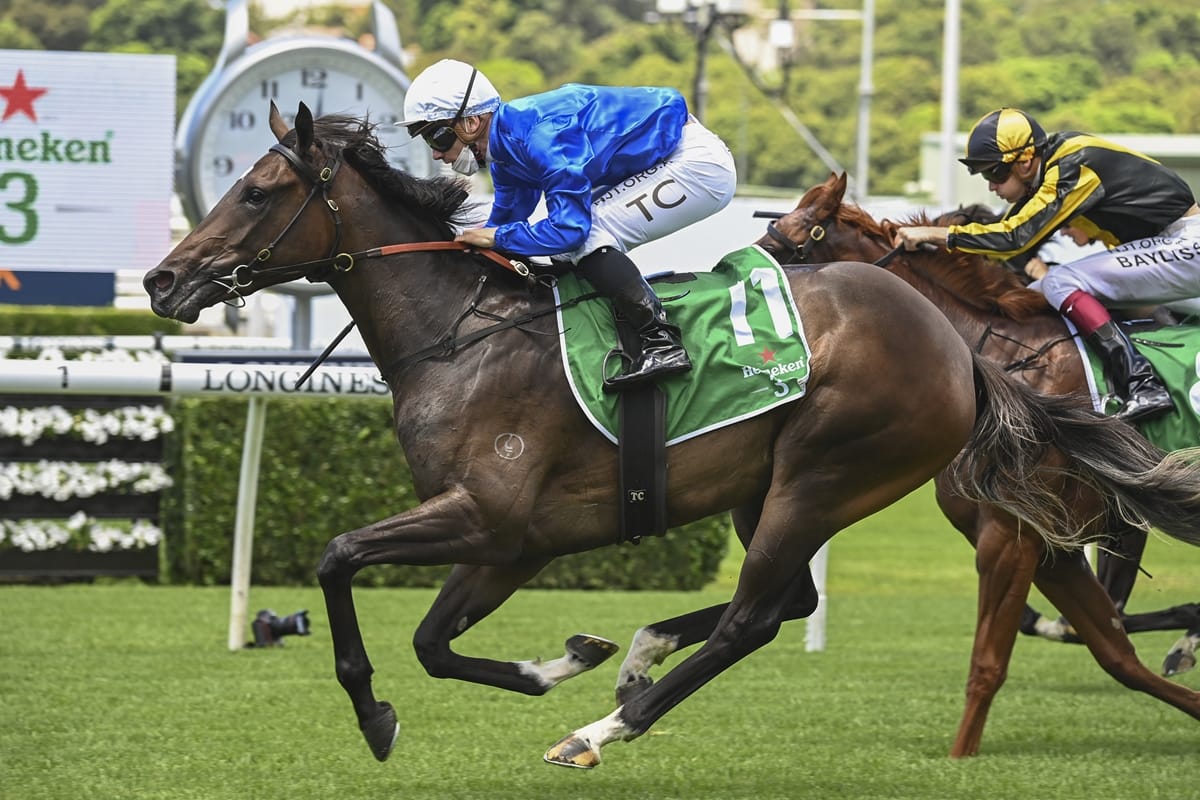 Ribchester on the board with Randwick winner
* * * * * * *
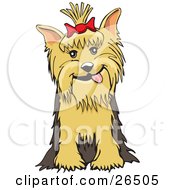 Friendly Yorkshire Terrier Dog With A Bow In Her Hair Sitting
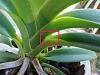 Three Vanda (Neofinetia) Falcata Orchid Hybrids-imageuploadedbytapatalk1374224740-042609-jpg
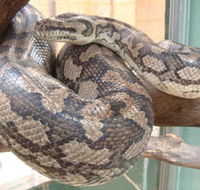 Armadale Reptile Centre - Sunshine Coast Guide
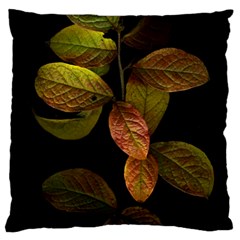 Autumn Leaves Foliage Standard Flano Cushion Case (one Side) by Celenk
* * * * * * *
→ Required work
"Three Vanda (Neofinetia)" marks the first line to copy, and "Autumn Leaves Foliage" marks the last. Repeat that stretch above exactly, with no pictures.

→ Task response
 Three Vanda (Neofinetia) Falcata Orchid Hybrids-imageuploadedbytapatalk1374224740-042609-jpg
 Armadale Reptile Centre - Sunshine Coast Guide
 Autumn Leaves Foliage Standard Flano Cushion Case (one Side) by Celenk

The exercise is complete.